Because the learning is anchored in everyday situations and guided practice, you can apply concepts whether you work in leadership, HR, education, healthcare, customer-facing roles, or any environment where relationships and communication matter. You will be asked to reflect and write about experiences, so comfort with self-reflection and professional communication will help you get the most from the work.

The accurate recognition of emotions impacts everything from coaching and customer conversations to conflict resolution. Cornell’s Psychology of Emotions Certificate helps you improve this skill by strengthening your emotional vocabulary and training you to use multiple channels of information, not just a single cue.

You will practice identifying emotions using facial expressions, vocal tone, and body language, then learn when those signals are most likely to mislead due to masking, context, or cultural display rules.

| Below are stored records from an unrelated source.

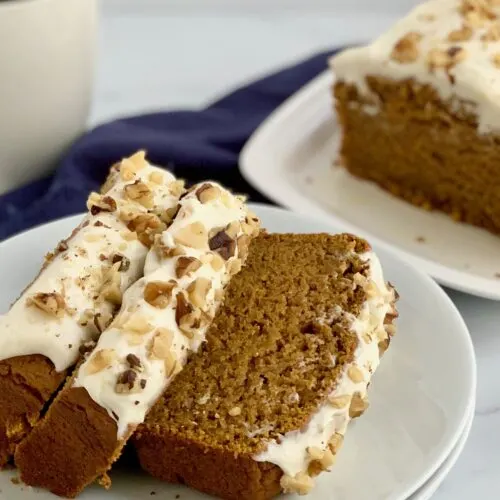 Slices of pumpkin bread with cream cheese frosting on top with crushed walnuts.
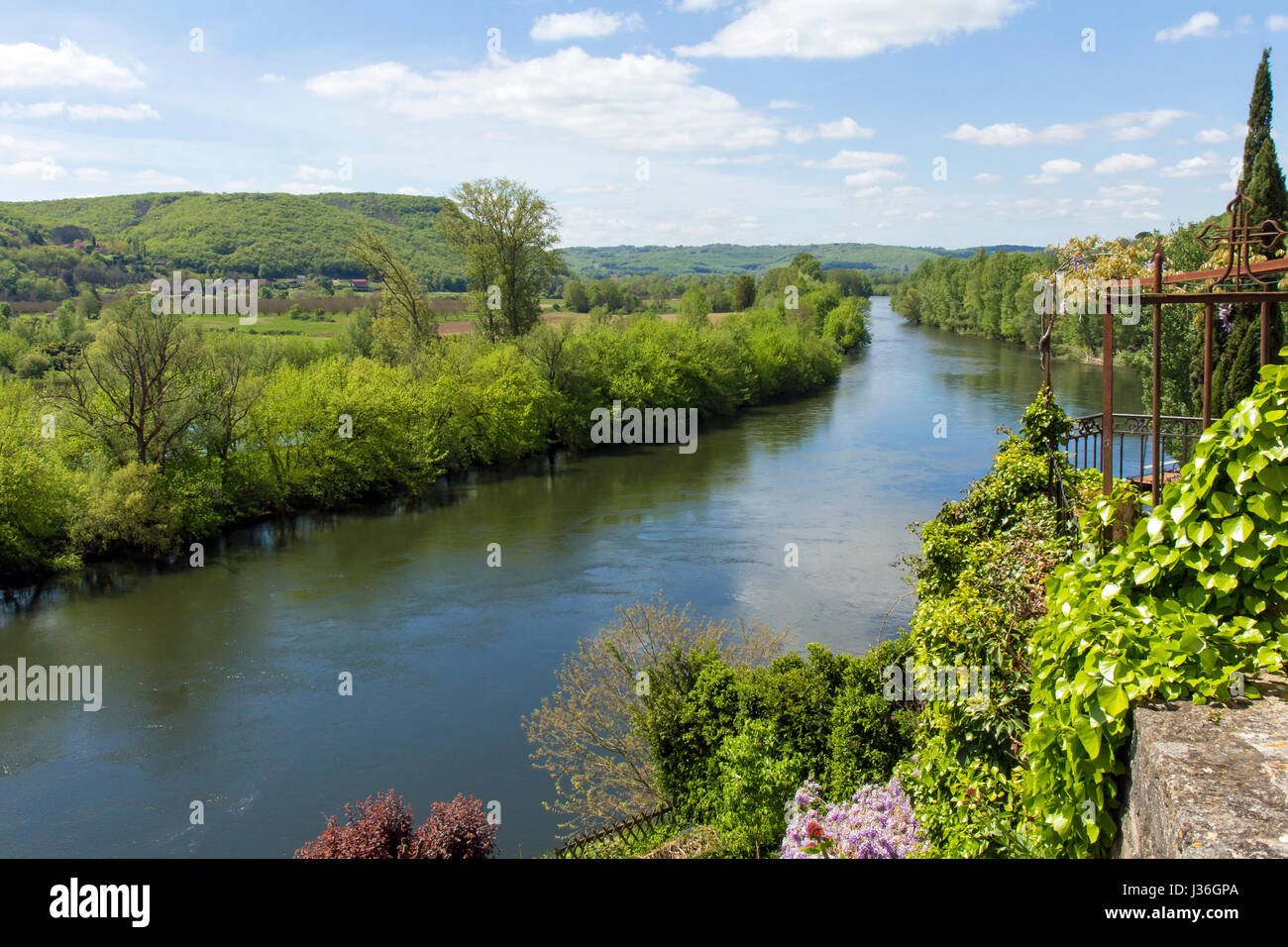 Perigord in summer with the Dordogne River flowing past banks of trees, shrubs and flowers Stock Photo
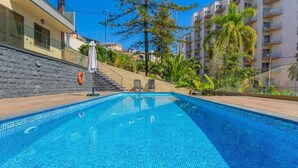 Una piscina con agua azul cristalina, rodeada por un muro de piedra y una terraza de madera.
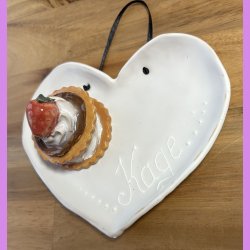 Medalje med jordbr p tallerken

The Psychology of Emotions Certificate also pushes you to pair observation with interpretation by examining how appraisals, personality differences, and culture shape emotional responses, so you can make better inferences and ask better questions in real conversations.

By the end of Cornell’s Psychology of Emotions Certificate program, you will have practical reference tools and repeated practice that support more confident, respectful, and accurate emotion reading across professional and personal settings.

Stressful moments at work often move faster than your ability to think through the perfect response. Cornell’s Psychology of Emotions Certificate gives you a structured set of emotion regulation options you can choose from in real time, based on what the situation allows and what you are trying to achieve.

You will explore the trade-offs of five major regulation strategies, including selecting or modifying situations when possible, refocusing attention, reinterpreting meaning through cognitive reappraisal, and managing your outward responses. You’ll also identify your default regulation tendencies using a research-based questionnaire and practice applying a new strategy to a real situation, so you build confidence using the tools when stakes are high.

Cornell’s Psychology of Emotions Certificate also addresses the social side of regulation by examining emotional contagion and how you influence the emotions of others, which is especially useful when you are trying to steady a team during uncertainty or conflict.